WHAT NEEDS TO BE DONE:
Among the lines below, output only those between the line holding "Металлическая дверь с" and the line holding "Jelzés nélkül: Ganésa.", inclusive, exactly as written and with no pictures.

GIVEN DATA:
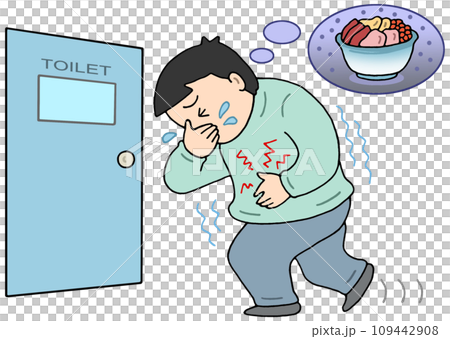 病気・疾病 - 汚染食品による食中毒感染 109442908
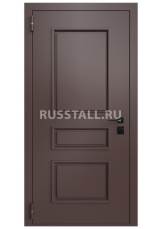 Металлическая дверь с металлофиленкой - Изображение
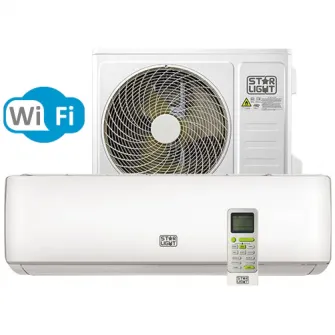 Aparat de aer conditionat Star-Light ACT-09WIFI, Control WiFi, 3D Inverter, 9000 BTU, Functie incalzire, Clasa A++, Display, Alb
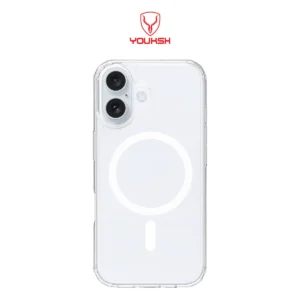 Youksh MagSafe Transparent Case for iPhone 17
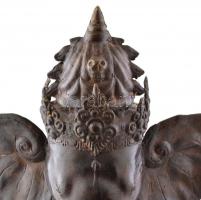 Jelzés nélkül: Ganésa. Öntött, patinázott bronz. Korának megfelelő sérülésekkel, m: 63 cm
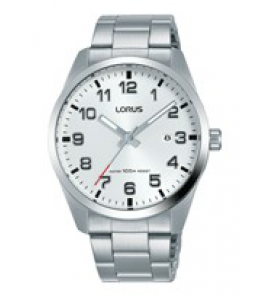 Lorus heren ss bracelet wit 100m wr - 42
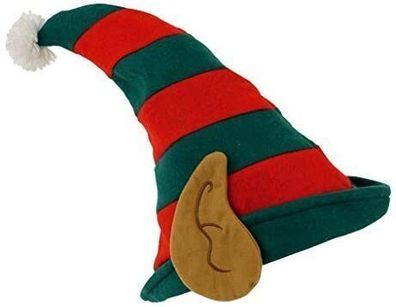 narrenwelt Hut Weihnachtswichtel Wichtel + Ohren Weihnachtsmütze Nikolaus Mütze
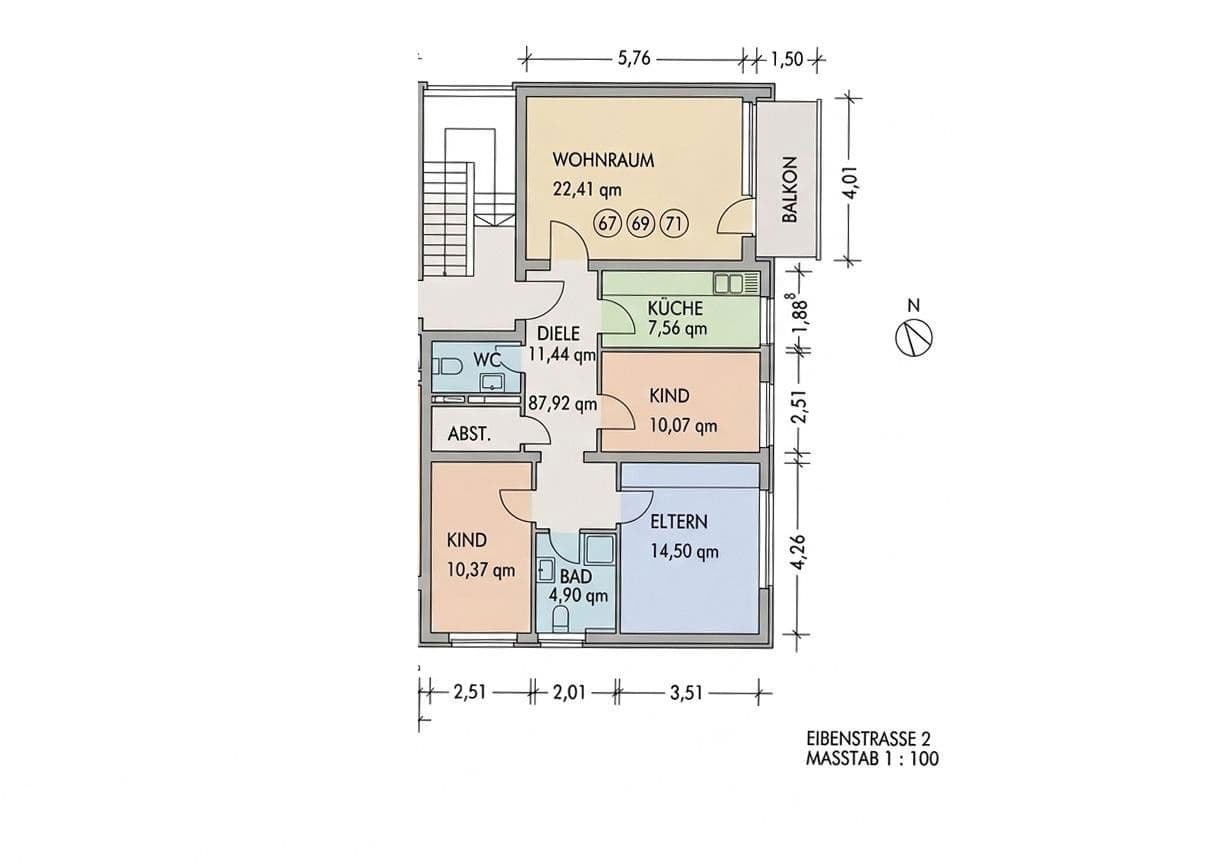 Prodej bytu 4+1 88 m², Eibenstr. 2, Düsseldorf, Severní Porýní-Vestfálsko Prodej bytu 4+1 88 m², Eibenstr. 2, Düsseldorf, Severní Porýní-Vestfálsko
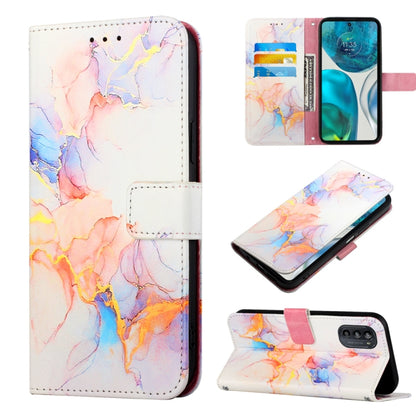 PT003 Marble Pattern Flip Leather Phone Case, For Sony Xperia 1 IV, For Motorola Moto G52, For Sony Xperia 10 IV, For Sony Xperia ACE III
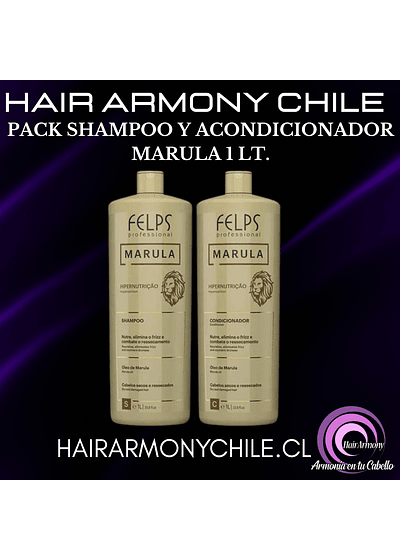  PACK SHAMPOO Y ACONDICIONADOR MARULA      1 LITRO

* * *

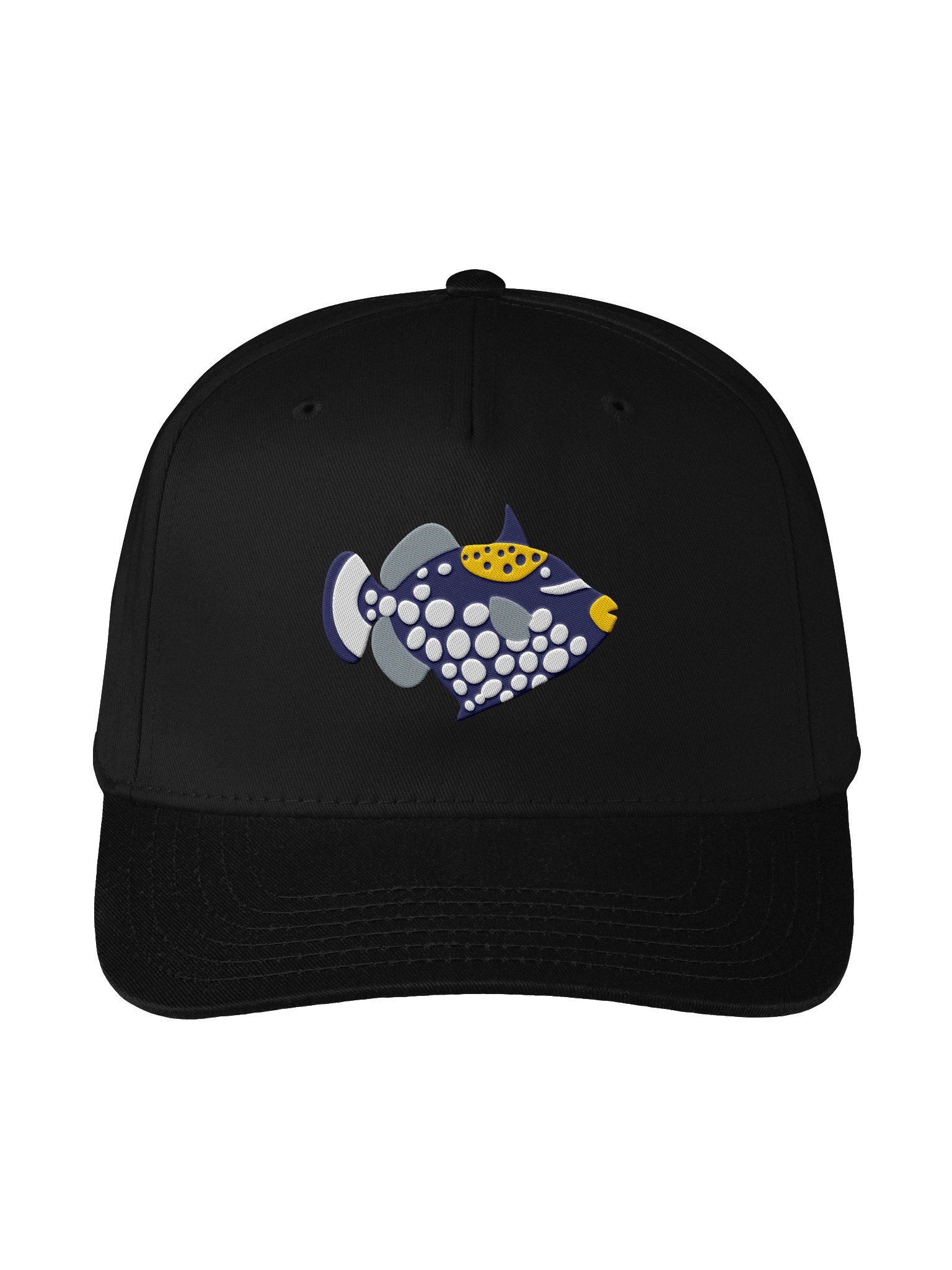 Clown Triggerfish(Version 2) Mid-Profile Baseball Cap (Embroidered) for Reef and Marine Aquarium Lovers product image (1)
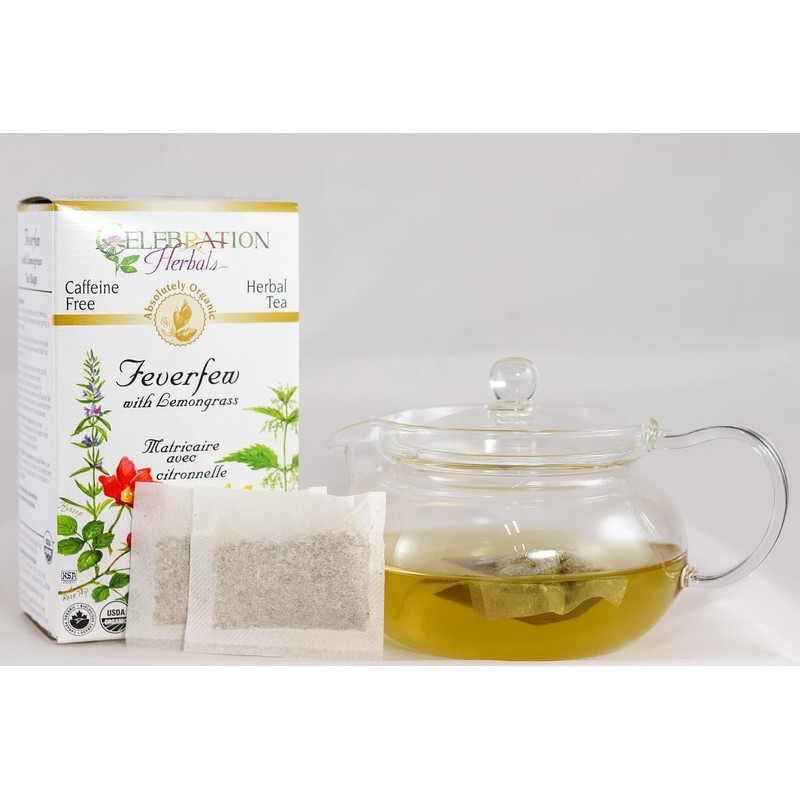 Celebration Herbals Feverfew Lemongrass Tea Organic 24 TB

EXERCISE ANSWER:
 Металлическая дверь с металлофиленкой - Изображение
 Aparat de aer conditionat Star-Light ACT-09WIFI, Control WiFi, 3D Inverter, 9000 BTU, Functie incalzire, Clasa A++, Display, Alb
 Youksh MagSafe Transparent Case for iPhone 17
 Jelzés nélkül: Ganésa. Öntött, patinázott bronz. Korának megfelelő sérülésekkel, m: 63 cm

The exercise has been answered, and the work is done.